• Material shown:
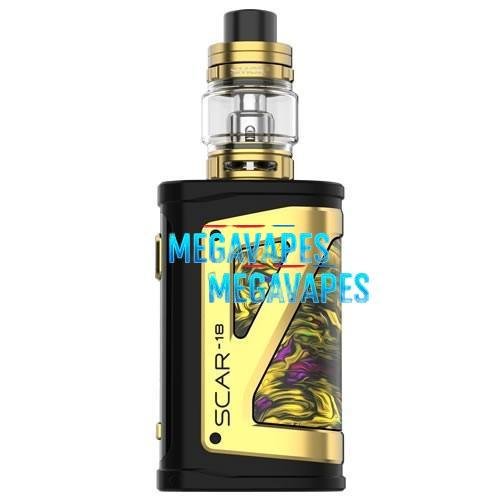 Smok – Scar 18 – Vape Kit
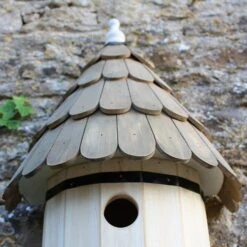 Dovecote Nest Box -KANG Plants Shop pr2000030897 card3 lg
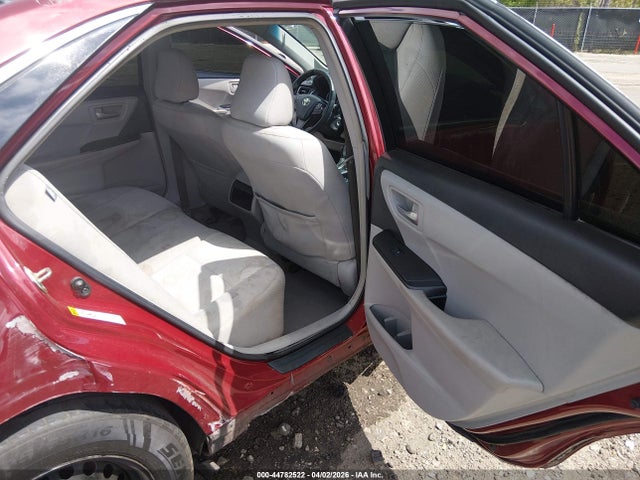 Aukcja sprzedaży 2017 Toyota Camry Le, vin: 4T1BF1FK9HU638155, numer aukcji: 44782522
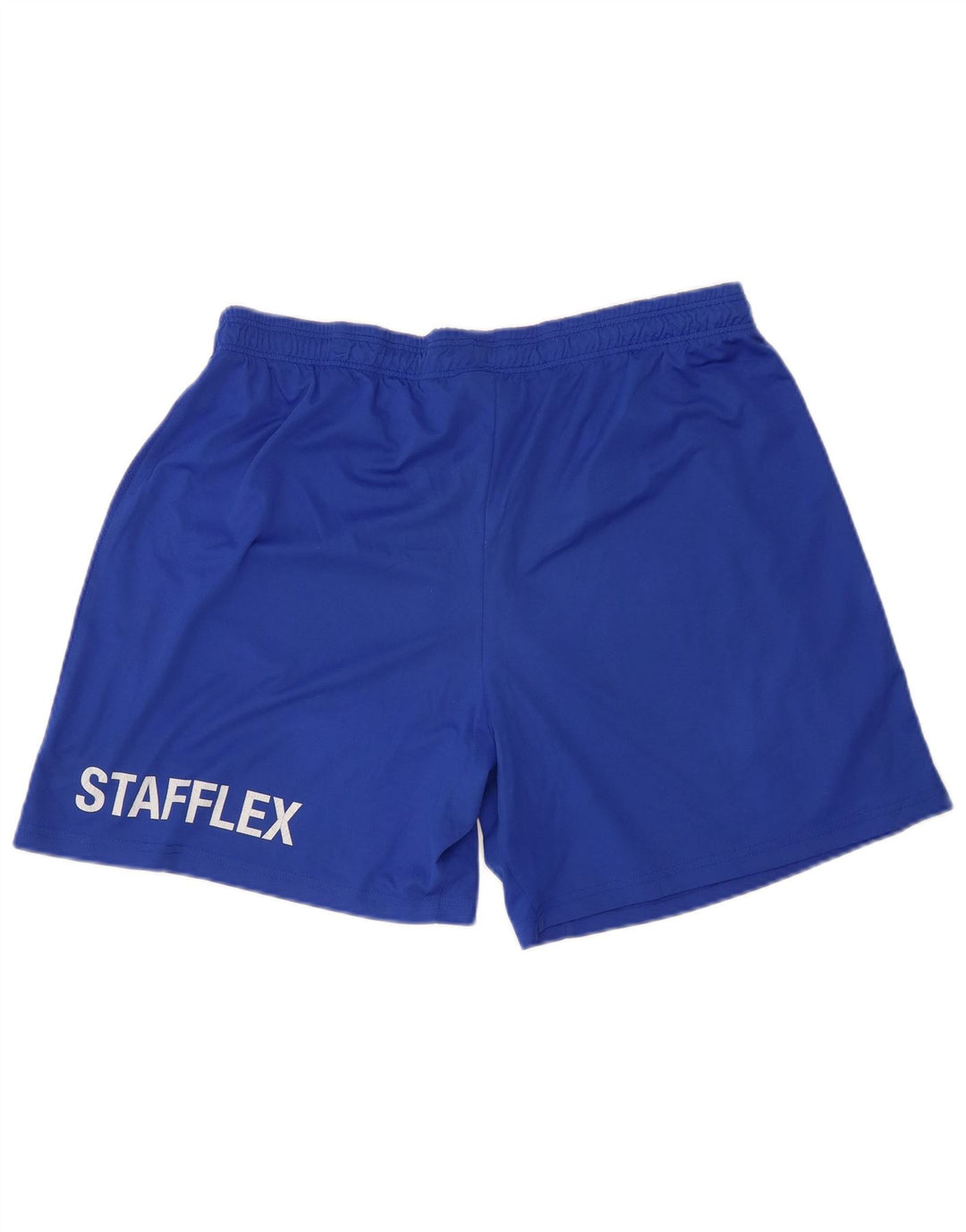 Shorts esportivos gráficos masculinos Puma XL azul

--

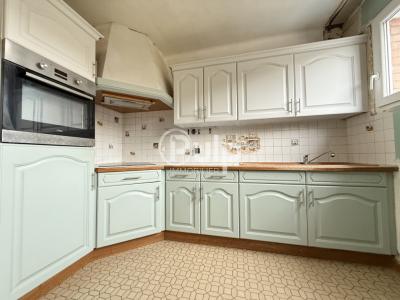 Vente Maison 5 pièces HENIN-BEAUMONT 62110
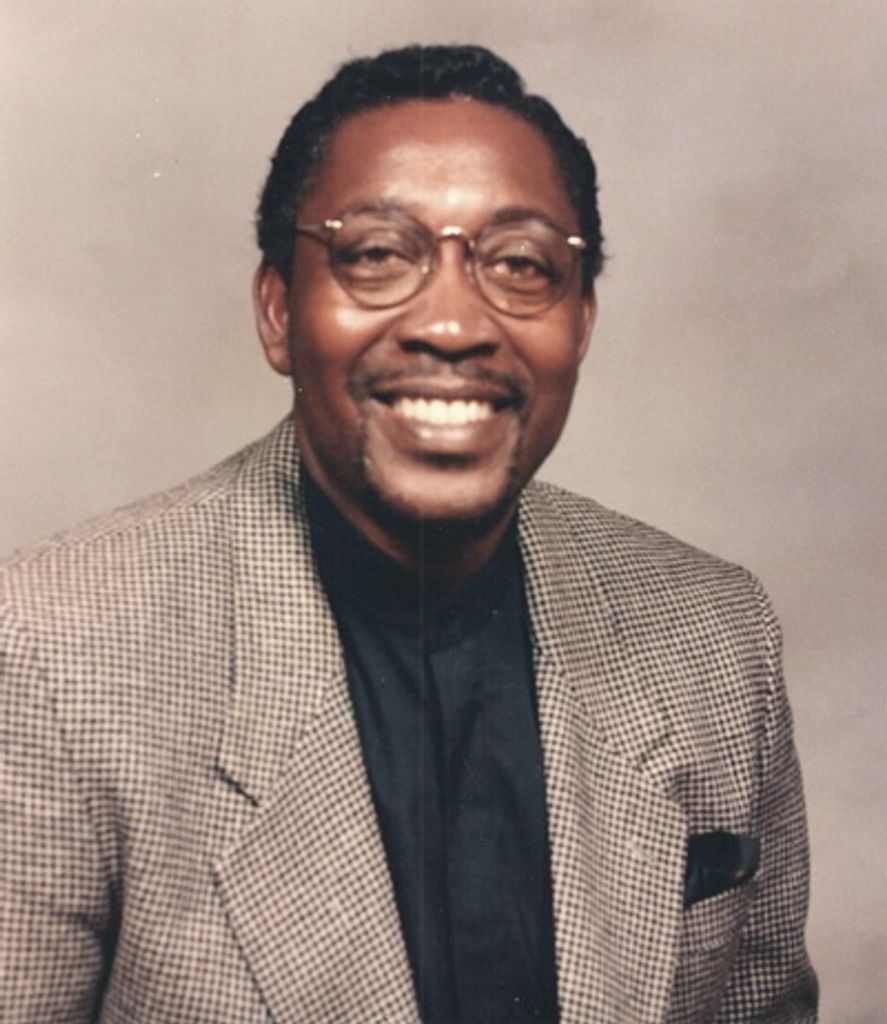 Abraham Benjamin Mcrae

...

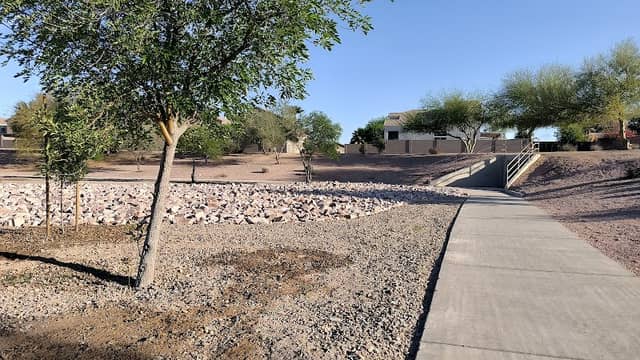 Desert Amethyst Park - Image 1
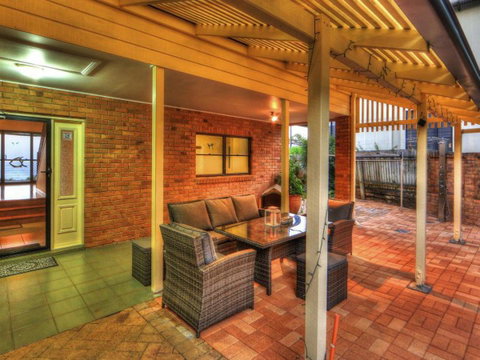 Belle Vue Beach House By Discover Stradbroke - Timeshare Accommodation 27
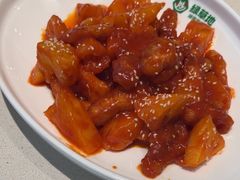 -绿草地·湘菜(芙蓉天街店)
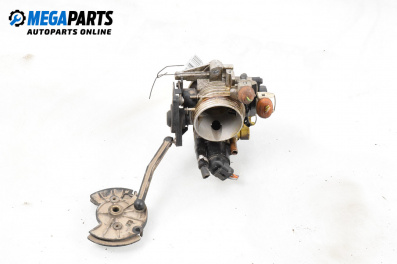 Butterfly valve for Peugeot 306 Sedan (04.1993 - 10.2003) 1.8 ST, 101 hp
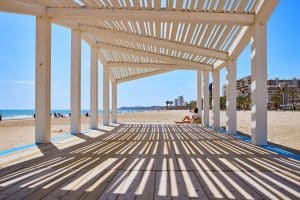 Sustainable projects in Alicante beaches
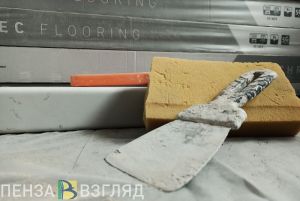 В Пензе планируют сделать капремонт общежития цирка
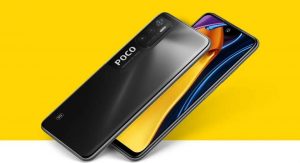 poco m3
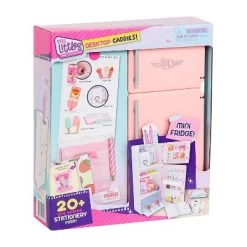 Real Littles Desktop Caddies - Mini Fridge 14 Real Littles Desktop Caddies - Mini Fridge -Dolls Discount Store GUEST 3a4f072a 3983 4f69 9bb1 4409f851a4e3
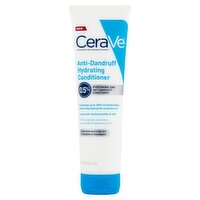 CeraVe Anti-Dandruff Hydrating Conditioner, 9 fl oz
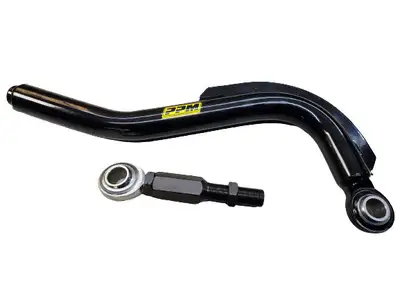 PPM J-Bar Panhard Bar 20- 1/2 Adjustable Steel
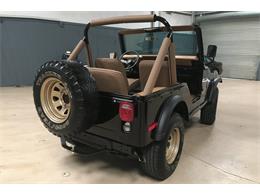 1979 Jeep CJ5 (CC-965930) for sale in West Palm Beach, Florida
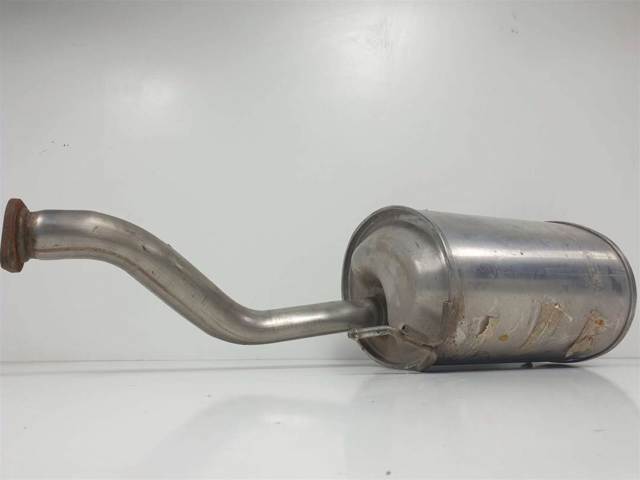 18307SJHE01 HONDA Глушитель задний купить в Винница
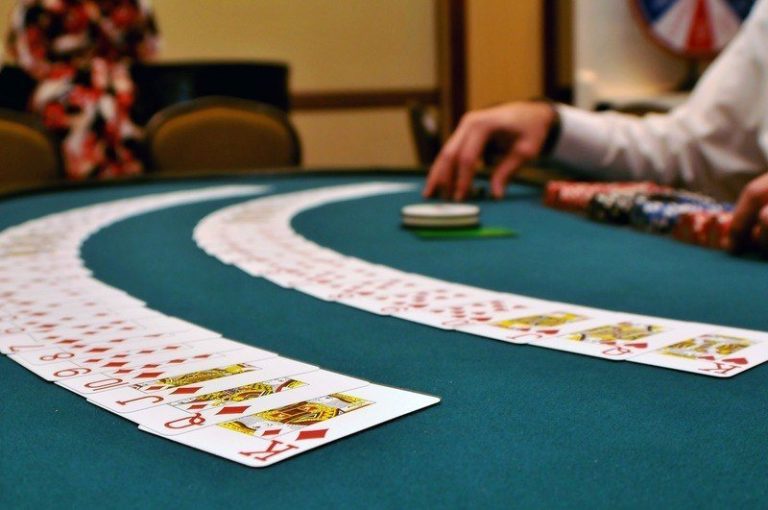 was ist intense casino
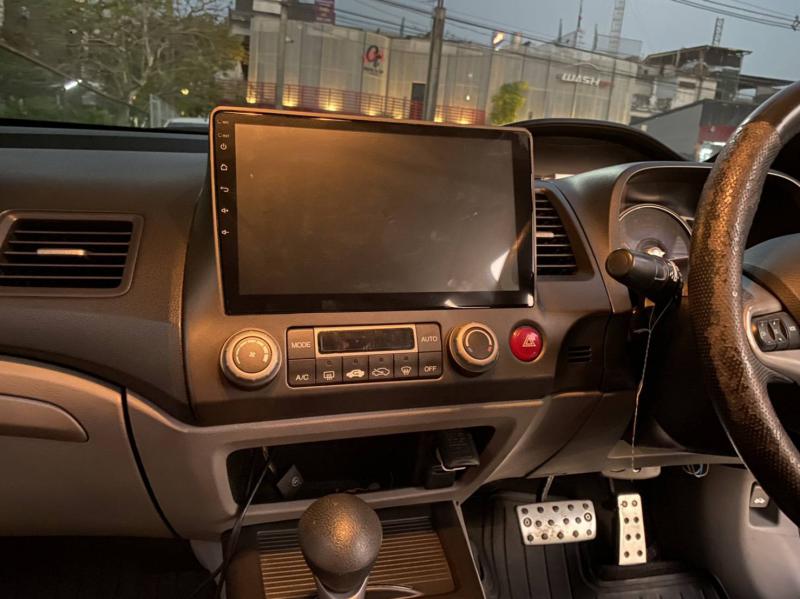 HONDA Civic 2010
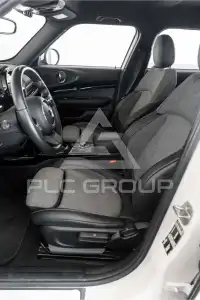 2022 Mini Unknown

• What this task involves: Copy the lines above between the one holding "Smok – Scar 18 – Vape Kit" and the one holding "Shorts esportivos gráficos", inclusive. Drop the pictures.

• Exercise response:
 Smok – Scar 18 – Vape Kit
 Dovecote Nest Box -KANG Plants Shop pr2000030897 card3 lg
 Aukcja sprzedaży 2017 Toyota Camry Le, vin: 4T1BF1FK9HU638155, numer aukcji: 44782522
 Shorts esportivos gráficos masculinos Puma XL azul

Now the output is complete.